• _TASK INSTRUCTIONS_
Skip any image you find and restate the rest of the data word for word.

• _DATA SHOWN_
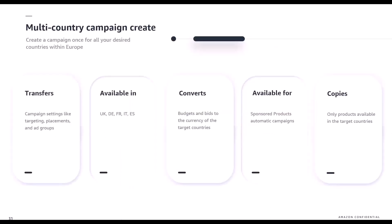Now we're going to look at another feature: multi-country campaign create. You're now able to create a new sponsored products automatic campaign once for all of the desired countries in Europe where you advertise. You can simply create multiple versions in campaign creation and choose the countries you'd like to launch into. The feature transfers all campaign settings — targeting, placements, ad groups — converts budgets and bids to the local currency, and copies only products available in each country's campaign.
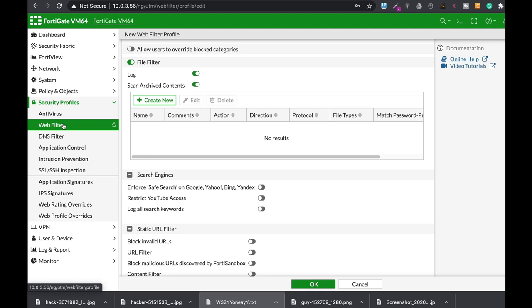If you're using one of FortiGate's latest firmware, then you will find out that the DLP, the data leak prevention, is not there anymore, at least not as a graphical user interface.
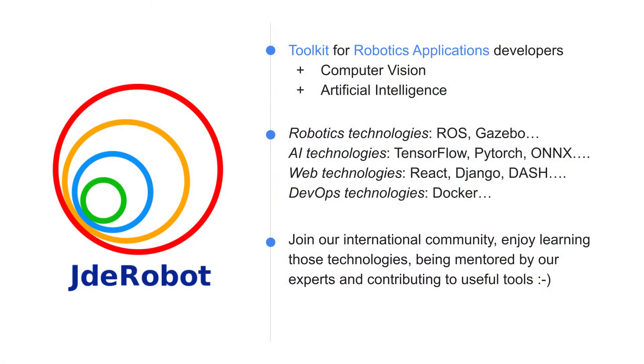Hi, I'm José María Cañas. I'm one of the org admins of JDeRobot. JDeRobot is an open source organization interested in fostering robotics and artificial intelligence.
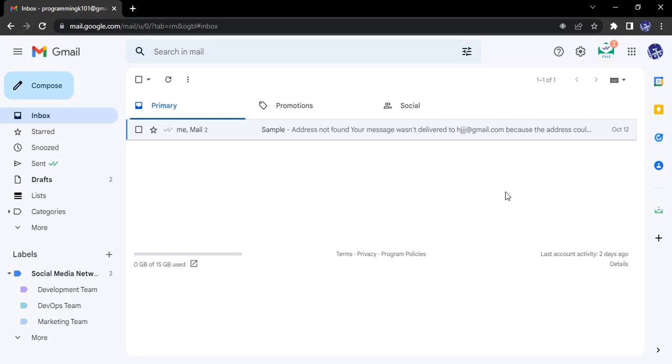Hello everyone, welcome to Gmail Tutorials. In this video, we will see how we can move an email to sub-labels. So what is a sub-label? A sub-label actually is a part of some super label.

• _ANSWER SECTION_
Now we're going to look at another feature: multi-country campaign create. You're now able to create a new sponsored products automatic campaign once for all of the desired countries in Europe where you advertise. You can simply create multiple versions in campaign creation and choose the countries you'd like to launch into. The feature transfers all campaign settings — targeting, placements, ad groups — converts budgets and bids to the local currency, and copies only products available in each country's campaign.
If you're using one of FortiGate's latest firmware, then you will find out that the DLP, the data leak prevention, is not there anymore, at least not as a graphical user interface.
Hi, I'm José María Cañas. I'm one of the org admins of JDeRobot. JDeRobot is an open source organization interested in fostering robotics and artificial intelligence.
Hello everyone, welcome to Gmail Tutorials. In this video, we will see how we can move an email to sub-labels. So what is a sub-label? A sub-label actually is a part of some super label.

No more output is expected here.